Garage, Day Two

More cleaning, whittled the garage chore down to one box. Brian and Elizabeth came over as I finished up. Elizabeth retreated to the air conditioning while Brian played with my phone as I finished the last box of the day.

I mean he could have helped.

Now there’s just one big pile of papers to pour through. Should they be saved? Should they be shredded? Can they be thrown away? That’s the box I’m dreading.

Brian did help. He set up a few things on my iPhone. He downloaded a flashlight app — which I’ve yet to figure out — reworked my Email set up and synchronized my calendars. I firmly believe you should find a guy who’s better with technical things than you are, flatter him, give him the occasional meal and volunteer to chauffeur him around if he needs a driver. It pays off.

They had dinner with us tonight. The girls watched the first two Eclipse movies and — because I’ve watched them, and Brian took my advice not to — he and I visited the dollar theater.
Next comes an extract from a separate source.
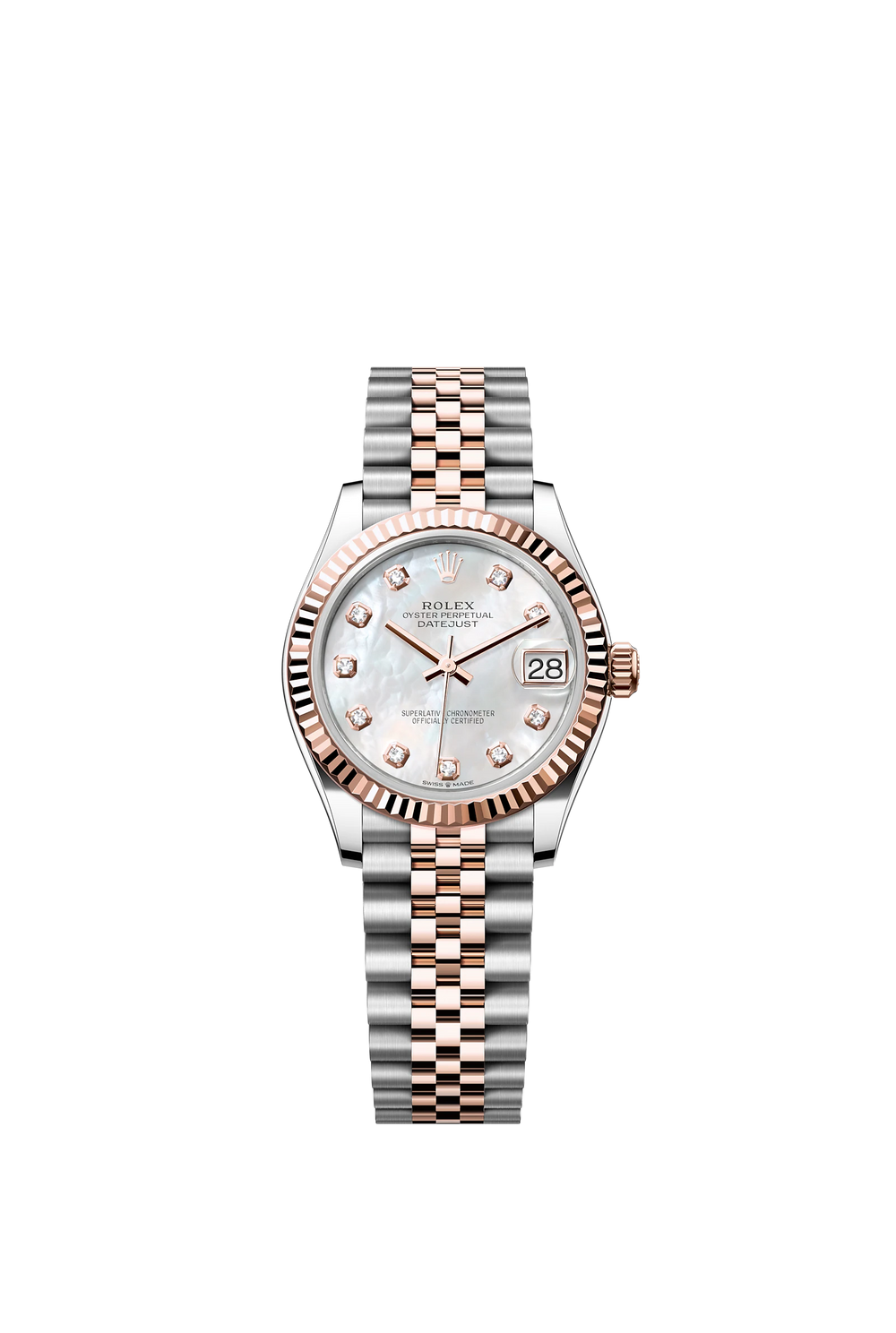 Rolex Datejust (278271-0026)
We watched Iron Man 2. It was good. Action, explosions, comedy. I think I’m spoiled by the latest iterations of Batman, though. There almost seem to be too many jokes here, but that’s Iron Man and a wry Robert Downey. Meanwhile, like Samuel L. Jackson’s role? He’s going to do it eight more times.

One of those will, of course, be in the 2012 Avengers, Many a comic book fan will be happy about that. Given the absence of subtly with which they discussed it in Iron Man it will be beyond ridiculous how much publicity and interest that film could stir.

We also watched A-Team which was, honestly, a lot better than I expected it to be. I haven’t checked yet, but they might have set a record for explosions per reel (non-John Woo division). Murdock was great, Quinton Jackson was a serviceable Baracus — though Mr. T could still play the role. Face was fine. I couldn’t get based Liam Neeson, but I always have that problem with him. It seems that the theme here is that planning is hard. Hannibal thinks, but only because no one else can, and he’s a bit troubled to have to make the effort. Ultimately the moral to the story, aimed at 10-year-old boys, is to understand the virtues of contingency planning. That’s a good lesson for kids to have.

I am not troubled by the film and how it treated the original because I have no illusions about what the show was.  Everything held together fairly well until the bad guy delivered an RPG through a barge. That was just a bit much. But otherwise, it was a reasonable summer flick. Surely worth the dollar for the ticket.

For both movies, watch through the end of the credits. We caught them because we were trying to help people find things on the floor of the theater. I still can’t use that flashlight app.

Even more pressing: the girls are going to watch the third Eclipse movie this weekend. I need to find something to do as an excuse to avoid it. Any ideas?